BMC Cardiovascular Disorders201818:84

https://doi.org/10.1186/s12872-018-0823-3

  • Received: 4 December 2017
  • Accepted: 26 April 2018
  • Published:
Open Peer Review reports

Abstract

Background

To compare the reproducibility in total cholesterol (TC), systolic blood pressure (BP), and the resulting Systematic COronary Risk Evaluation (SCORE) obtained by an in-office cardio-preventive screening program (SP) and a subsequent program performed in a clinical trial examination center (EP).

Methods

A total of 307 individuals (60.3% female, mean age = 52.8 years) participated. According to TC and BP measurements at the SP and EP, three variables were created: the SCORESP = single BP reading at the SP, the SCOREEP/BP-first = first BP reading at the EP, and the SCOREEP/BP-mean = mean second/third BP reading at the EP. Differences in TC and BP were analyzed. Associations between age, sex and mean differences between the SCORESP and the SCOREEP/BP-first (M1) and the SCOREEP/BP-mean (M2) were analyzed using multivariable linear and quantile regression.

Results

TC and BP values from the SP were significantly higher than those from the EP. Among individuals with a decreased SCORE value at the EP (compared to the SP), younger age was associated with a higher improvement in risk estimation compared with older age. Female sex was associated with higher risk improvement in the SCORE between the SP and the EP compared with male sex. Associations between both demographics and M1 (M2) achieved statistical significance at the 75.0th (50th) percentile.

Conclusions

The reproducibility of results in cardiovascular risk prediction seems to be influenced by the accuracy of BP measurement. It seems that younger individuals and females are more likely to benefit from accuracy compared with older individuals and males.

Keywords

  • Primary prevention
  • Cardiovascular risk
  • Total cholesterol
  • Blood pressure measurement

Background

European guidelines recommend the risk assessment of individuals free from cardiovascular disease (CVD) to be based on the Systematic COronary Risk Evaluation (SCORE) algorithm [1]. The SCORE determines the 10-year risk of a fatal atherosclerotic event using predictors such as age, sex, smoking status, total cholesterol (TC), and systolic blood pressure (BP) [1].
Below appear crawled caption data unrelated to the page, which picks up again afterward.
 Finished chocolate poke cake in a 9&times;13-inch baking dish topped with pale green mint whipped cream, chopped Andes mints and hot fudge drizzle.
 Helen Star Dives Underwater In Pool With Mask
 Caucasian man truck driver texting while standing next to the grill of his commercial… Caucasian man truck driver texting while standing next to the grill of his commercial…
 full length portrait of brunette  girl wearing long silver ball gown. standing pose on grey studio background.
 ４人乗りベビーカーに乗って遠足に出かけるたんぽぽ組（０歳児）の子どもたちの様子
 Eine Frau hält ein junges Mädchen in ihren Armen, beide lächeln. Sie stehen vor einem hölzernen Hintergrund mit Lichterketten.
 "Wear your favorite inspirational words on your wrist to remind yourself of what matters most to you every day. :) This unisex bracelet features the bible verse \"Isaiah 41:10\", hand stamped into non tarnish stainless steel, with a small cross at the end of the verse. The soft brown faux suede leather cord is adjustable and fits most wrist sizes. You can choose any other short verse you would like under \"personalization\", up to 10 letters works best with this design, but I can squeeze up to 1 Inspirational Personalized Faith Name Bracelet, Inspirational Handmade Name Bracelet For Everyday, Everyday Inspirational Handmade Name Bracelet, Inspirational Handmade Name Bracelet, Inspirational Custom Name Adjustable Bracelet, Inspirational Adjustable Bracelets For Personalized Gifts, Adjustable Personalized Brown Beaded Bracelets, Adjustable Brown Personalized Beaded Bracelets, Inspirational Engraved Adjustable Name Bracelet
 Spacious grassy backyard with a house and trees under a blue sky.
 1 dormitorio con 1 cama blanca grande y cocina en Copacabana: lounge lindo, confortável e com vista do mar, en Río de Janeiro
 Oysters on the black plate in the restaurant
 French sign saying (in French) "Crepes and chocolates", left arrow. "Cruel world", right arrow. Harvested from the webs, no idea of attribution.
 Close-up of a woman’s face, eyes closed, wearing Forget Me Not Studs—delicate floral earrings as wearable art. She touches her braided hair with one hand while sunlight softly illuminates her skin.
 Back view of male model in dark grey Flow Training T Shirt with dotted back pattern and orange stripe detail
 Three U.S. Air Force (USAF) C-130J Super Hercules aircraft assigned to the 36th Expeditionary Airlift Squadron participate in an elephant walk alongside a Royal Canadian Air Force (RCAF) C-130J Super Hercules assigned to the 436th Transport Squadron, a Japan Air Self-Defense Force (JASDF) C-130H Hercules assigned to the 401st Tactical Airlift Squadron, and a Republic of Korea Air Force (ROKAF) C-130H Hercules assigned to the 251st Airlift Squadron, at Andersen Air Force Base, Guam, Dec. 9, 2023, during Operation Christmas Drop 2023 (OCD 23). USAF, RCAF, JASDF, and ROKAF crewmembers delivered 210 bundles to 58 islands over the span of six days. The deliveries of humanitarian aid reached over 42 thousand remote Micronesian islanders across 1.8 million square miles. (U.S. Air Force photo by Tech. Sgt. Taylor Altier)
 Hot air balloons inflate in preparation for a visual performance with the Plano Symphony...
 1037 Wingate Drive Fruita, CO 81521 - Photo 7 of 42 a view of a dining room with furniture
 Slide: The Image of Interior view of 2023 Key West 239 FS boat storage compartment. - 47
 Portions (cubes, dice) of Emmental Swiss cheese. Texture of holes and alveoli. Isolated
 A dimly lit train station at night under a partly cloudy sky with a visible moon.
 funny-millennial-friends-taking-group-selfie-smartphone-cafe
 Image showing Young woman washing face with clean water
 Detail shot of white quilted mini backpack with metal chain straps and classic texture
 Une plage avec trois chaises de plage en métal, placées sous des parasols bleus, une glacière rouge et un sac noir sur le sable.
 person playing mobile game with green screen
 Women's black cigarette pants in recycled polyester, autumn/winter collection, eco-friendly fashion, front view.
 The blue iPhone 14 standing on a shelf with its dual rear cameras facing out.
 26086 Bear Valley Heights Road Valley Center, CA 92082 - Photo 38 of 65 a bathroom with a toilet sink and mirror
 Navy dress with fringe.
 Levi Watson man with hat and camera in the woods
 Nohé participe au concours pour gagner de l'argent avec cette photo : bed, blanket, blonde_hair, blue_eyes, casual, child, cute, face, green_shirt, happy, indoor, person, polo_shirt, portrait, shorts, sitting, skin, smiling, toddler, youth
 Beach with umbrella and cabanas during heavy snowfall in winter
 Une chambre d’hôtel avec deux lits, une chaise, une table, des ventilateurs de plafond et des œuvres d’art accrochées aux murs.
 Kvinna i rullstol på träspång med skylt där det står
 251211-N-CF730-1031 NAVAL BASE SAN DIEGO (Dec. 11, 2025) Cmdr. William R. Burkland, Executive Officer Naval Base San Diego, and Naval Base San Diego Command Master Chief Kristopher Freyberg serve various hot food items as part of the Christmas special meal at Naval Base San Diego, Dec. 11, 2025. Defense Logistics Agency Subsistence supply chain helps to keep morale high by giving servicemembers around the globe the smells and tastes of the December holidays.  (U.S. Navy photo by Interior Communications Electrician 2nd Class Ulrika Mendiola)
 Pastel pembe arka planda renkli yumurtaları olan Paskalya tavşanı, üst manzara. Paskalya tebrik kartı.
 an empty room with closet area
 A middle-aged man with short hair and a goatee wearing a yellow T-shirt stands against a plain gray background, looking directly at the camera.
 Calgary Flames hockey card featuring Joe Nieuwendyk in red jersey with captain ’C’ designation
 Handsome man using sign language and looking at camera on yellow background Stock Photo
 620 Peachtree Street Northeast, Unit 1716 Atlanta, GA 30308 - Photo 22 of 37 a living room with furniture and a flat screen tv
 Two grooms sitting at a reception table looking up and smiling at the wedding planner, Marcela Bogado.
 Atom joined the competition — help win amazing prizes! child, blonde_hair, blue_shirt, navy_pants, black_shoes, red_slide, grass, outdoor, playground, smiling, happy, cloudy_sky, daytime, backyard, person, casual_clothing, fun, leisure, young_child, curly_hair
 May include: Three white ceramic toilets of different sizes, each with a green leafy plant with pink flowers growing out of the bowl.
While age and sex can be determined with certainty, there is a degree of uncertainty in the determination of smoking status, TC and blood pressure values [2]. Measurement of TC and BP are subject to error based on their biological variation and methodological issues [3], and the consequences of these measurement issues on CVD risk prediction have been studied. A simulation study indicated that less of the intra-individual variability in the 10-year risk of fatal and non-fatal CVD events (Framingham algorithm) was explained by variation in TC, as most was explained by variation in blood pressure [2]. Further studies confirmed low intra-individual variability in TC up to 10 years [4, 5].

Whereas blood pressure measurement in clinical research is based on highly standardized readings according to established guidelines [4], blood pressure measurement in routine care rarely achieves this high level of accuracy [6, 7], resulting in higher readings compared to standardized measurements [8, 9].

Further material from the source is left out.